What’s even worse is that the look occurred in the 1990s, making it much more modern than you’d think.

Poor Thor looks like he’s about to burst through his weird swimsuit-y getup. We are so glad that Marvel went with a much cooler movie look that not only represented his Asgardian heritage but also made him appear to be at least 50% saner. We get it, Thor; you’re big and tough. Now tone it down a bit.

Scarlet Witch’s Wimple

It’s one of the most awkward and pointless costumes ever designed, rendering poor Scarlet Witch - otherwise one of the most powerful characters in the history of comic books - an endless joke.

A wimple?
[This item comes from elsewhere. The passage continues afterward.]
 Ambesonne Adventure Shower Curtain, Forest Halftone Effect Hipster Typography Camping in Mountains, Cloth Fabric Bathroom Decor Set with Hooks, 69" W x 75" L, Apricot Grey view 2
She’s not a nun or a 14th century newlywed, she’s a formidable force to be reckoned with.

She doesn’t have the time nor the patience for an ancient headdress (as part of an otherwise amazing costume) that’s going to obscure her vision while she’s up against the bad guys.

Hopefully Marvel writers have taken note of the whole “the future is female and it doesn’t have time for hair care products” memes, particularly since they feature amazing women from the hit Black Panther film. Bald heads make for excellent fighting.

Fashion statements can be made outside the arena, but when inside, the less restrictive (not to mention pointless) garments, the better.


What other comic costumes are you glad we didn’t see in The Avengers?